Exercise brief => Your output should be the complete listing, word for word, with no pictures in it.

Data segment =>
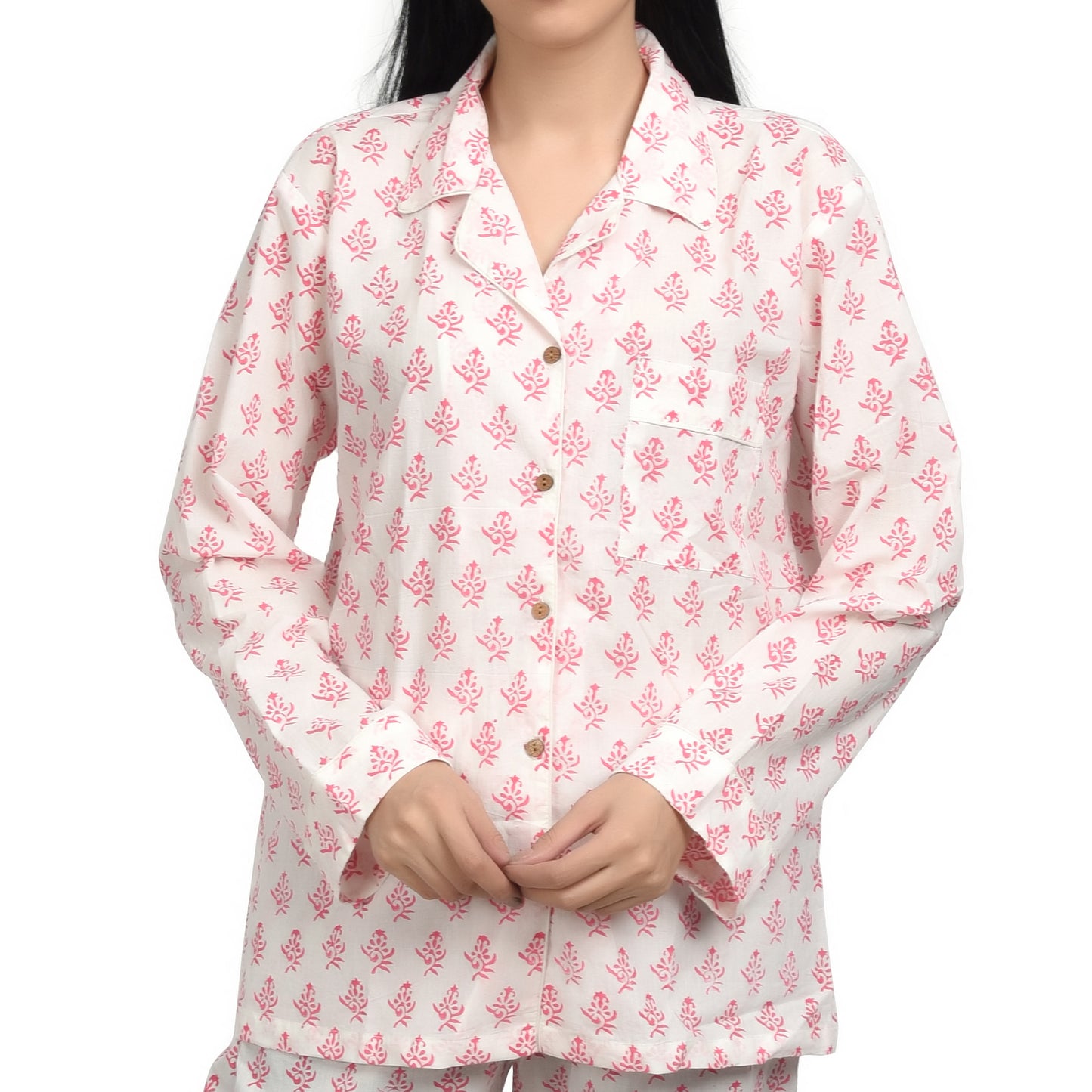 Block Print women PJ Set cotton print Night suits pajama set Traditional Color Print sleepwear set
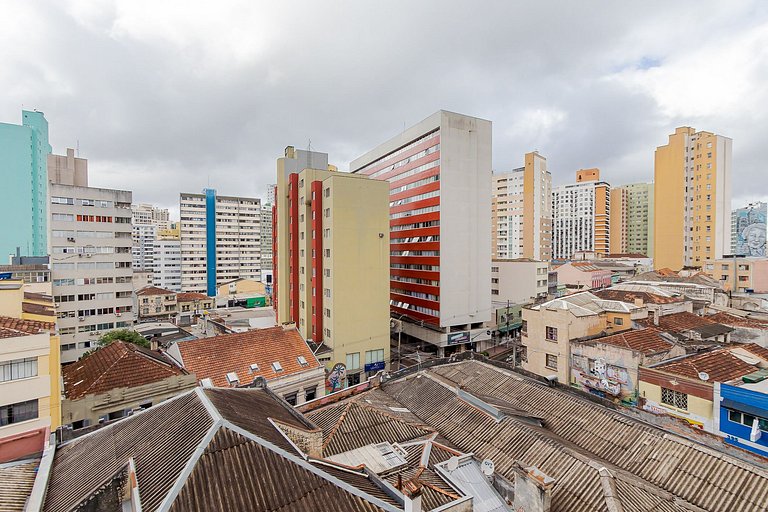 Centro | Estúdio com Piscina e Garagem | C229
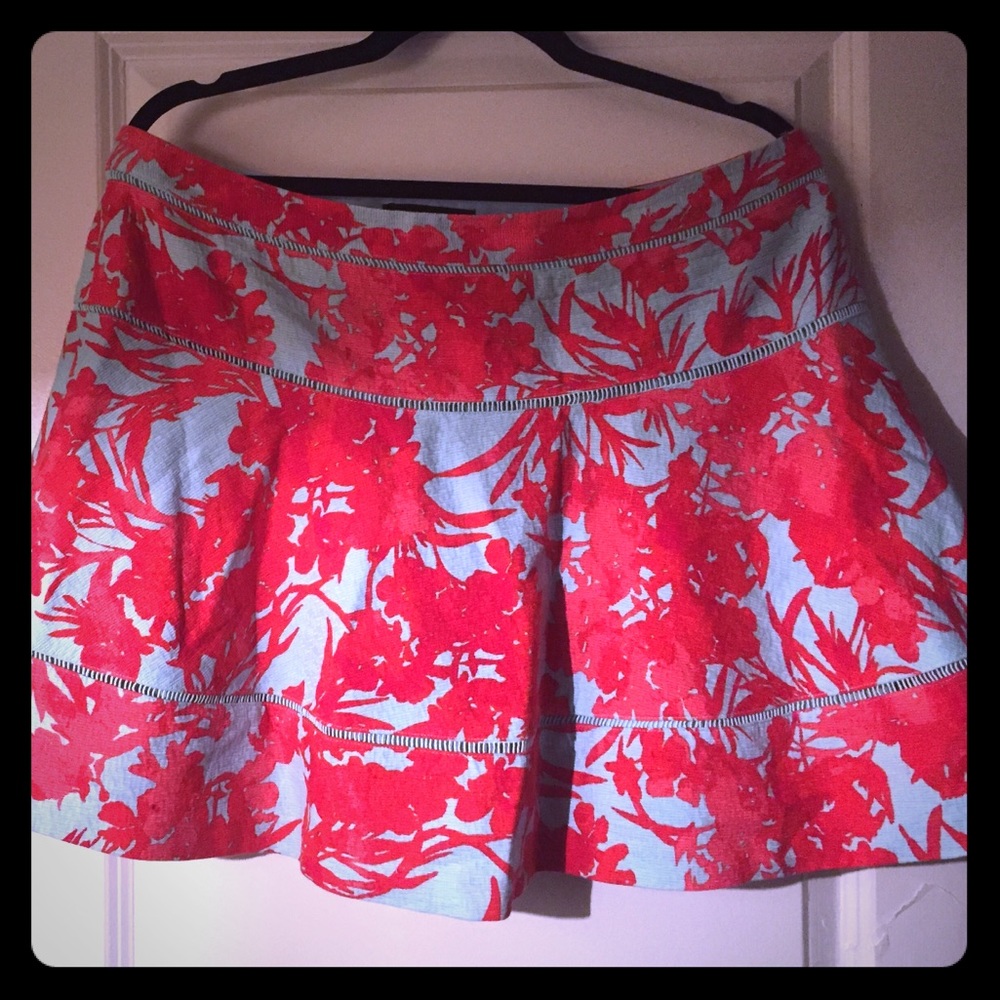 Banana Republic red and blue size 12 skirt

Response to this task =>
 Block Print women PJ Set cotton print Night suits pajama set Traditional Color Print sleepwear set
 Centro | Estúdio com Piscina e Garagem | C229
 Banana Republic red and blue size 12 skirt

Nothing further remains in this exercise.